==== Exercise data
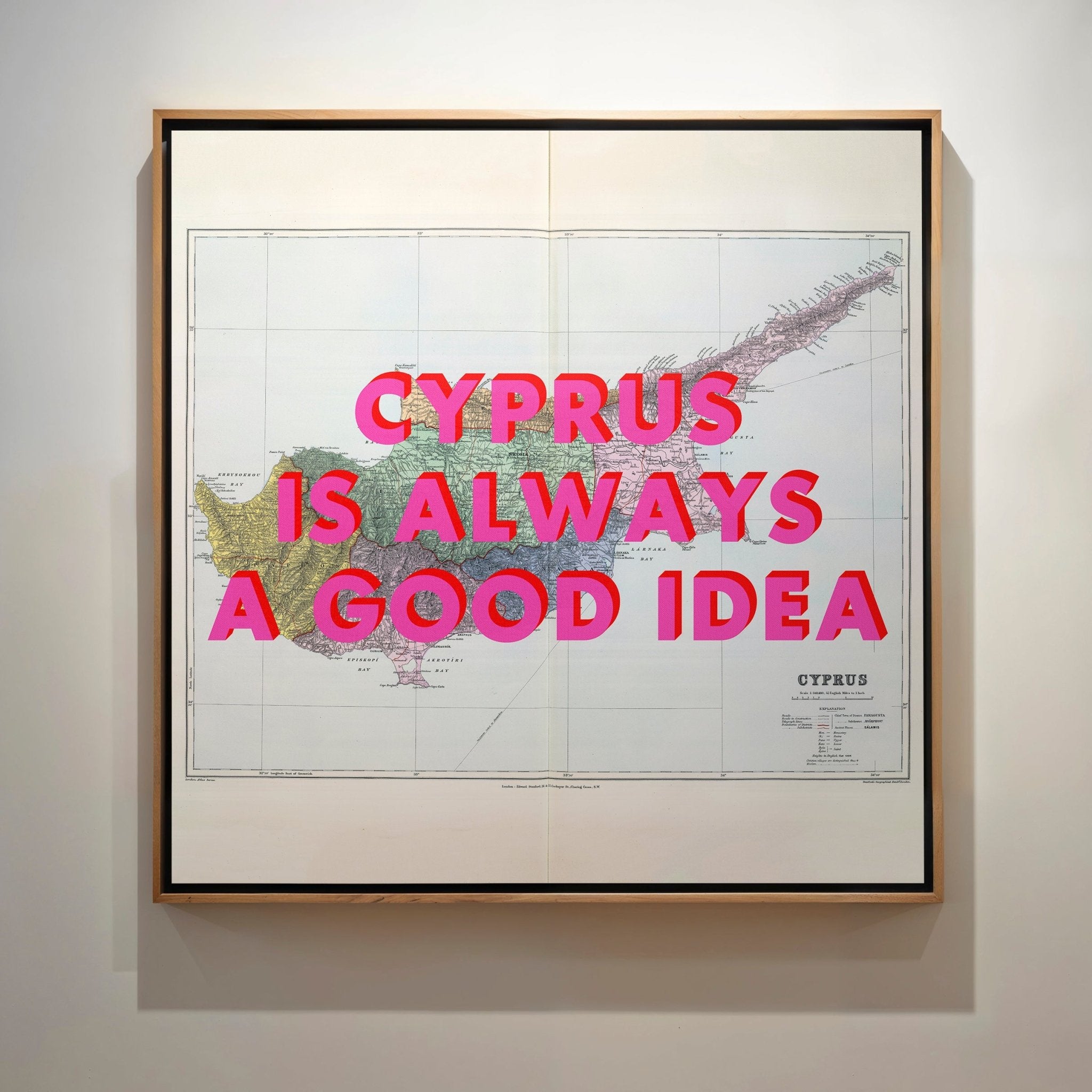 Cyprus Retro Pop Art Map Print - Magic Posters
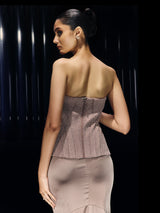 Seraphina Crystal Corset Paired with Draped Skirt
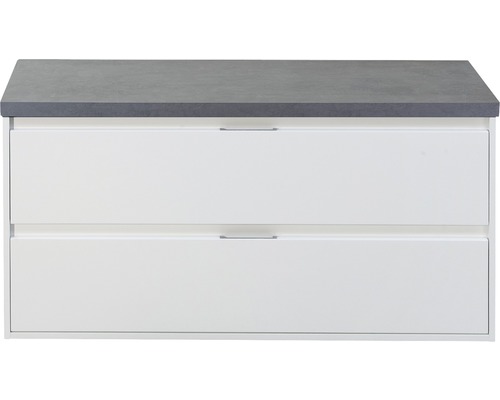 Waschbeckenunterschrank sanox Porto BxHxT 120x59x50 cm weiss hochglanz inkl. Waschtischplatte beton anthrazit Waschbeckenunterschrank sanox Porto BxHxT 120x59x50 cm weiss hochglanz inkl. Waschtischplatte beton anthrazit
========
*Work order*. Only the lines from the one with "Seraphina Crystal Corset" to the end of the listing, both ends included, should be retyped exactly; no pictures belong in the copy.

*Answer to this exercise*.
 Seraphina Crystal Corset Paired with Draped Skirt
 Waschbeckenunterschrank sanox Porto BxHxT 120x59x50 cm weiss hochglanz inkl. Waschtischplatte beton anthrazit Waschbeckenunterschrank sanox Porto BxHxT 120x59x50 cm weiss hochglanz inkl. Waschtischplatte beton anthrazit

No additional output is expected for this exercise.